Apesar de frequentar as aulas há pouco tempo sente-se “em família” e completamente entrosado com os colegas. “Nós vamos às colectividades, encontramos jovens e sentimo-nos um bocado deslocados. Aqui é melhor, porque estou só com pessoal das minhas idades e sempre estamos distraídos”.

O Voluntariado de Mãos Dadas Acácio Veiga começou há nove anos, numa primeira fase, com sessões de apoio ao preenchimento dos impressos do IRS. A iniciativa partiu de Acácio Veiga quando o ex-militar, de 64 anos, passou à reserva e sentiu necessidade de também ele ocupar os seus tempos livres. “Depois de uma vida activa, uma pessoa vê-se sem fazer nada e é muito complicado”, afirmou.

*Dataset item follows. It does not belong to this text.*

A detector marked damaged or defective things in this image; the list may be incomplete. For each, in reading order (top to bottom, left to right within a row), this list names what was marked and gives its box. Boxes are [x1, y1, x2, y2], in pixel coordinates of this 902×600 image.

Rapidamente, o IRS estendeu-se à informática, alfabetização e artes plásticas. Actualmente são perto de 20 as actividades oferecidas aos mais idosos, designadamente alfabetização, arraiolos, artes criativas, artes plásticas, cultura geral, dança, fitas, linhas e bordados, flauta, cavaquinho, fotografia, grupo coral, informática, inglês, medição de tensão arterial, pilates, reabilitação física, teatro, iniciação à poesia, entre outros.

Em declarações ao DIÁRIO DA REGIÃO, Acácio Veiga explicou que o objectivo do grupo de voluntariado é “a ocupação dos tempos livres das pessoas que trabalharam toda a vida, reformados ou desempregados, que nunca tiveram oportunidade de concretizar o seu sonho”, daí o lema “Nunca Desistas de Sonhar”.

Para o fundador e coordenador do Voluntariado de Mãos Dadas Acácio Veiga, o carinho e a amizade que se recebe é muito mais do que aquilo que dá. “Eu dou uma mão cheia de nada e recebo uma mão cheia de gente. Há dias que saio daqui e parece que vou a voar”, confidenciou visivelmente emocionado.

Todas as actividades são asseguradas por um corpo de formadores voluntários, que apoiam os mais de 150 idosos, como é o caso de Albino Santos. O ex-gráfico profissional, auxilia no ensino da informática há oito anos e mostra-se satisfeito com a tarefa. “Dá-me um certo gozo ensinar as pessoas. Hoje em dia, a tecnologia faz falta a toda a gente, porque o papel vai desaparecer e todo o mundo vai ter de usar um computador. Por isso, todos devem saber pelo menos o Word”.

Sem apoios do Estado e da autarquia, o Voluntariado De Mãos Dadas Acácio Veiga vive dos donativos dos utentes. A partir do próximo dia 21 de Maio vai integrar o Centro Social Paroquial D. Manuel Martins, entidade fundadora da Universidade Popular Empenho e Arte.